Client → Your server → External API (weather, maps, payment, etc.)

External APIs have rate limits and per-call pricing. If 1,000 users hit your endpoint per minute, you’d make 1,000 external API calls.

With caching:

First request: call external API → cache result with TTL (e.g., 1 hour)
Next 999 requests: serve from cache → 1 external call per hour instead of 1,000

When to apply: Any external API call for data that doesn’t change in real-time (weather, exchange rates, product data from third-party APIs).

6.4 Rate Limiting

Rate limiting tracks how many requests a client (identified by IP) has made in a time window.

Request arrives → middleware reads X-Forwarded-For header → extracts client IP
       ↓
Check Redis: { "10.0.0.1": counter }
  counter < limit → increment counter → allow request
  counter ≥ limit → reject with 429 Too Many Requests

Why Redis and not the database?

Rate limit check happens on every single request — this would flood the DB with unnecessary queries.
Redis increments are atomic and sub-millisecond.
Keeps the database free for actual business operations.

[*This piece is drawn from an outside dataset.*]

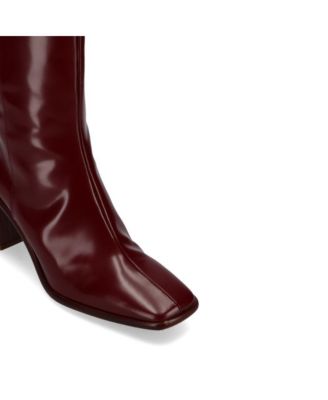East Sleek Burgundy Leather Boots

TTL on the counter key = automatically resets the counter each time window (e.g., expire after 60 seconds for per-minute rate limiting).

7. Key Terminology

Term	Definition
Cache Hit	Requested data found in cache — served instantly
Cache Miss	Requested data not in cache — must fetch from primary source
TTL (Time to Live)	How long a cache entry is valid before it expires
Eviction	Removing data from cache to make room for new data
Edge Server / Edge Location	CDN server geographically close to the user
PoP (Point of Presence)	Cluster of Edge servers in a geographic region
Origin Server	The authoritative server holding the actual data
Recursive Resolver	DNS component that queries multiple servers to resolve a domain
In-Memory Database	Database storing data in RAM (Redis, Memcached) — fast but limited capacity
LRU	Least Recently Used eviction policy
LFU	Least Frequently Used eviction policy
Write-Through	Cache updated synchronously with every DB write
Lazy / Cache-Aside	Cache populated only on cache miss